Tout laisse à penser que ces images sont un procédé qui donne accès à la représentation imagée interne que l’enfant se construit de son environnement à partir de ce qu’il entend. Il va rapidement être prêt à cheminer dans ce bleu, qui permettra ainsi de représenter le «sens radar» du héros. Cette scène est construite pour restituer au spectateur les images du futur Daredevil. Pour les besoins audiovisuels du spectateur, il faut que les yeux de Matt Murdock conservent une fonction graphique, et ce visuel accompagne l’auditif à tel point qu’il lui est substitué à l’écran. On retrouve cette idée plus tard dans sa profession d’avocat, quand il utilise son ouïe pour percevoir les battements cardiaques d’un témoin et déterminer d’éventuels mensonges: le cœur se trouve alors radiographié à l’écran pour permettre au spectateur de mieux visualiser ce que Daredevil perçoit par son hyperacuité auditive et témoigner de la concentration auditive du personnage1.
Ainsi au fur et à mesure que lui parviennent les sons amplifiés, l’enfant angoissé les identifie (des pas, des voix, des moteurs…) et les associe à des images, qui sont présentées à l’écran au sein de vagues bleues. Le spectateur peut imaginer un regard capable de traverser les murs, car ce n’est que par l’entremise de cet effet qu’il prend conscience de la distance que peut désormais couvrir la perception auditive accrue du jeune héros. Le film considère d’ailleurs très brièvement l’idée qu’en grandissant, le garçon aveugle aura besoin de s’immerger régulièrement dans un caisson insonorisé pour reposer ses sens mis à rude épreuve par le monde extérieur.
Plus tard, d’autres habiletés de Matt Murdock seront évoquées. Il lit le braille par son toucher; ses plaidoiries sont aussi en braille et son associé Foggy Nelson sera à un moment bien en peine de défendre leur client en se fiant aux seuls documents de son collègue absent. Il est capable de repérer une faible odeur d’ammoniac sur une scène de crime2. Dans de tels moments, le bleu n’intervint pas et on notera qu’il est surtout présent dans les scènes de Daredevil bien plus que dans celles de Murdock. Ce fait laisse supposer que seul le «sens radar» fait l’objet d’une réelle représentation graphique, qui a pour but d’illustrer les images que Daredevil est capable de se représenter pour assurer ses déplacements. Le raisonnement se maintient lorsque Murdock narre lui-même en voix off le développement de ses capacités. Sur un toit, il frappe de sa canne une gouttière. Le champ bleu reconstitue le schéma de l’objet au fur et à mesure que Matt en écoute la vibration, ce qui lui permettrait d’identifier le chemin pour descendre du toit. Il se repère de la même façon sous le masque de Daredevil quand il traque un policier renégat dans les couloirs du métro.

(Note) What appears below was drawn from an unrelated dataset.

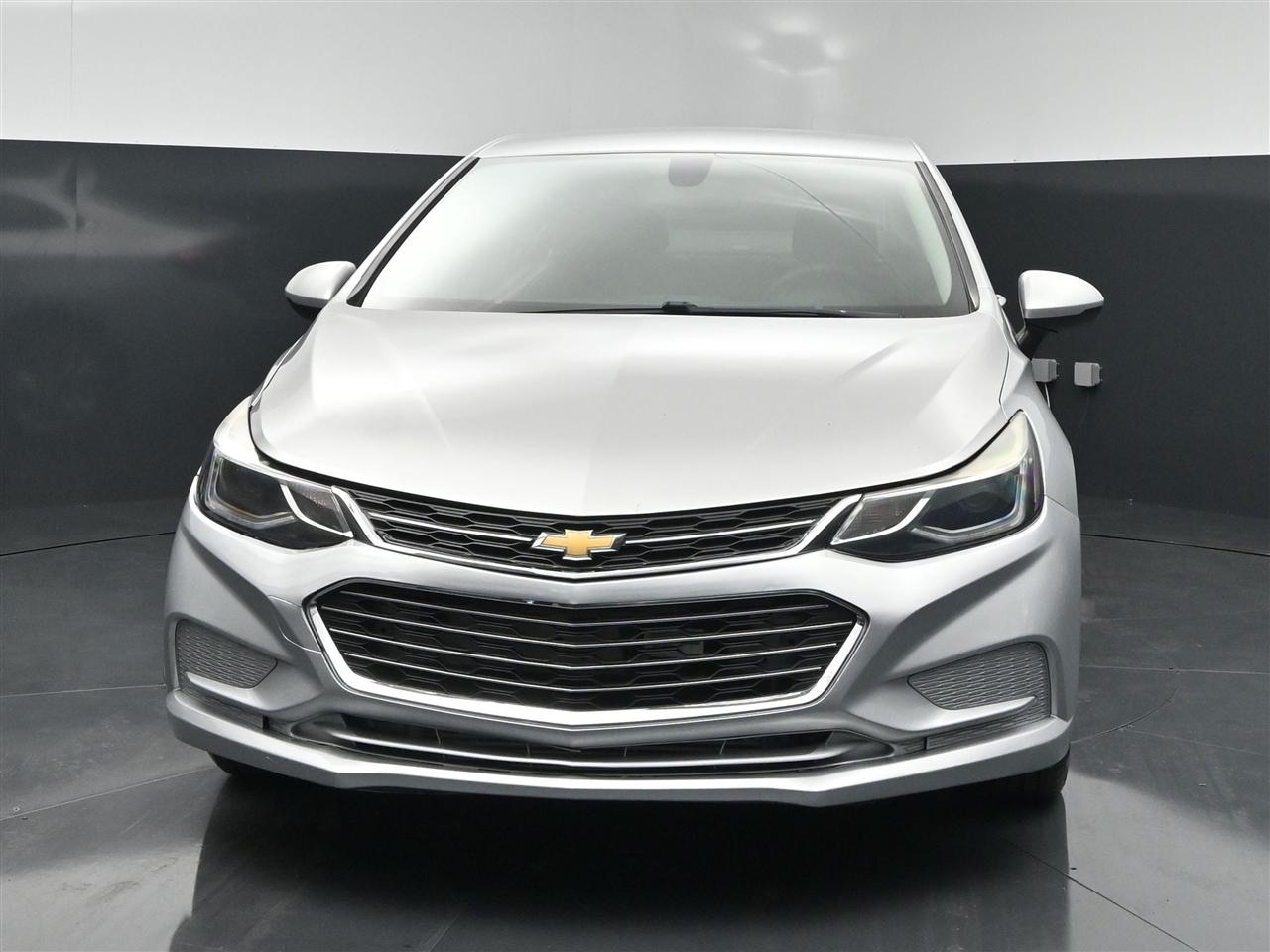 Chevrolet Cruze LT Auto 2018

En revanche l’usage du bleu dans les scènes de pluie est problématique, car la symbolique tente de se mêler aux super-sens. Matt rencontre la femme aimée, Elektra. Quand la jeune femme est sous la pluie, le «radar» bleu reconstitue parfaitement son visage, mais de plus il nimbe de lumière cette figure, sans que cette surbrillance ne soit justifiée. Il en va de même lorsque le justicier se retrouve face au Kingpin, grand ennemi du film, et qu’un détecteur de fumée expose également le visage de l’ennemi à cette soudaine luminosité. La couleur bleue ne sert plus que la narration et sa codification. Elektra brille en tant que femme aimée et magnifique pour le héros, et son grand adversaire est littéralement sorti des ténèbres pour que la justice de Daredevil puisse œuvrer au nom du Bien.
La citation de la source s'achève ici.